ILOによるチェックも実施されるだろう。2017年4月、ILOと組織委員会は、東京オリンピックを通してディーセントワークを広げていくという合意書を締結した。ギター・ローレンスILO多国籍企業局長は経団連で、この合意書について説明している。「ILOは、オリンピック・パラリンピック史上初めて、東京2020組織委員会とパートナーシップを交わした。これはオリンピック・パラリンピックに関わるすべてのステークホルダーに持続可能性につながる行動を、さらに、企業に対しては、CSRを通じたディーセントワークの実現をもとめている。具体的には、ILO多国籍企業宣言を踏まえ、労働者の安全・健全な作業環境の確保、国際基準や各国法制に基づく労働条件の設定などが求められる。」(「週刊経団連タイムズ」2017年10月5日)

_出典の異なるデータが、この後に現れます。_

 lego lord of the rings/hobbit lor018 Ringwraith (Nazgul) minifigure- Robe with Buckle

私は、政策提言、企業によるグッドプラクティスの学び、ステークホルダー・エンゲージメントも大事だと考えている。しかしながら、ここで見てきたように「責任あるサプライチェーン」問題は、労働者の過酷な現実とそれを知らせ変えていきたいというキャンペーンにより前に進んできた。詳しく紹介できなかったが、日本でも現場を知る人々が日本多国籍企業のサプライチェーンの争議を支援してきた長い歴史がある。

CCC東アジアのキャンペーンとして、私は運営委員会で「東京オリンピック・キャンペーン」を若い世代に提案し、CCC東南アジアとともに実施することに決まった。横浜アクションリサーチは、2004年、2008年のオリンピックで展開された「プレイ・フェア・キャンペーン」の日本のNGO窓口となったが、満足する結果が得られなかった。東京オリンピック・キャンペーンを実施しながら、日本人、とりわけ日本の若い世代に「責任あるサプライチェーン」問題を知り、考え、行動してもらいたいと願っている。

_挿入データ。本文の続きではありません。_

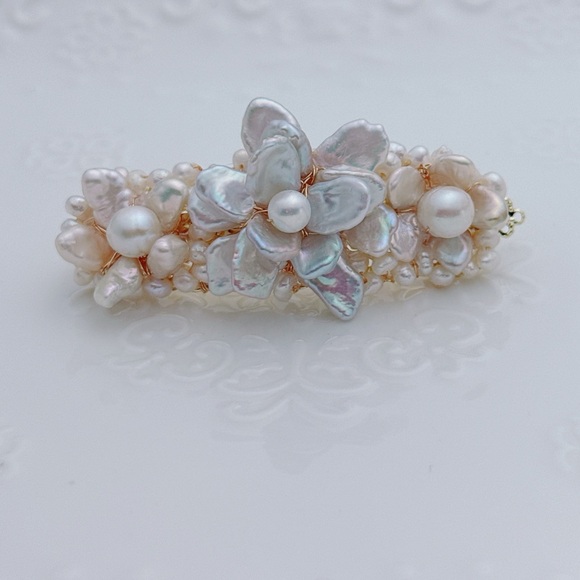 Pearl Jewelry - 26H163 Handmade Freshwater Baroque Pearl Hair Clip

(とおのはるひ:横浜アクションリサーチ、フィリピントヨタ労組を支援する会、CCC東アジア、福島子ども・こらっせ神奈川。多国籍企業調査と労働者の国際連帯運動に関わりながら、神奈川では脱原発運動を通じて地域ネットワーク構築に努めている)

 


(注1)CCC(クリーン・クローズ・キャンペーン)は、1989年に設立された女性中心の国際労働NGOで、世界の衣料・スポーツ用品産業における労働条件を改善し、労働者のエンパワメントを支援する活動を行っている。オランダに本部、ヨーロッパ17カ国に支部があるが、組織替えをし、現在、ヨーロッパ連合、南アジア連合、東南アジア連合、東アジア連合(CCC東アジア)に別れ、連絡をとり合いながら活動している。

(注2)ユニクロキャンペーンについては以下を参照。

  •     遠野はるひ「グローバル・サプライチェーンの現実から」(「ピープルズ・プラン」Vol.76)
  •     遠野はるひ「国際ユニクロ・キャンペーン・ユニクロ香港委託工場の争議物語」(「現代の理論」2018春号)
  •     その他、横浜アクションリサーチのウェブサイトに詳しい。